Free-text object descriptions
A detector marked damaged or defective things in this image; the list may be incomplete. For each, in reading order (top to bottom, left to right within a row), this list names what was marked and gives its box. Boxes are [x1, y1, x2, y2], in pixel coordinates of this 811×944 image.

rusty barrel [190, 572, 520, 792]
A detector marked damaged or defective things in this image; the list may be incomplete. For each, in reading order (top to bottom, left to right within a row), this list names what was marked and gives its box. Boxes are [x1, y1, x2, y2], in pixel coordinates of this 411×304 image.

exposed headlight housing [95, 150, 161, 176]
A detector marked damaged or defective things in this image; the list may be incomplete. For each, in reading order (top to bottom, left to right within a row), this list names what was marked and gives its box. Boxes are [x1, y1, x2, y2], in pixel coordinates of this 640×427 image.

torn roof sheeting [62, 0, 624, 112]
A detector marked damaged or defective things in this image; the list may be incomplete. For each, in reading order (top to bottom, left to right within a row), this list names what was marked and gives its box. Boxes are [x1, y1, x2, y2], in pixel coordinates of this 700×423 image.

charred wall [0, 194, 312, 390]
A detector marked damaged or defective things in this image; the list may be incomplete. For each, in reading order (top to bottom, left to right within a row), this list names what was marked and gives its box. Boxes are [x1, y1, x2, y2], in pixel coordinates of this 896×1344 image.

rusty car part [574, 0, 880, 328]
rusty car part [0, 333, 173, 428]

▶ **Task requirements**: Could you print the lines of the records above from the one containing "this 411×304 image." through the last, exactly and with no additions?

▶ **Solution for this exercise**:
A detector marked damaged or defective things in this image; the list may be incomplete. For each, in reading order (top to bottom, left to right within a row), this list names what was marked and gives its box. Boxes are [x1, y1, x2, y2], in pixel coordinates of this 411×304 image.

exposed headlight housing [95, 150, 161, 176]
A detector marked damaged or defective things in this image; the list may be incomplete. For each, in reading order (top to bottom, left to right within a row), this list names what was marked and gives its box. Boxes are [x1, y1, x2, y2], in pixel coordinates of this 640×427 image.

torn roof sheeting [62, 0, 624, 112]
A detector marked damaged or defective things in this image; the list may be incomplete. For each, in reading order (top to bottom, left to right within a row), this list names what was marked and gives its box. Boxes are [x1, y1, x2, y2], in pixel coordinates of this 700×423 image.

charred wall [0, 194, 312, 390]
A detector marked damaged or defective things in this image; the list may be incomplete. For each, in reading order (top to bottom, left to right within a row), this list names what was marked and gives its box. Boxes are [x1, y1, x2, y2], in pixel coordinates of this 896×1344 image.

rusty car part [574, 0, 880, 328]
rusty car part [0, 333, 173, 428]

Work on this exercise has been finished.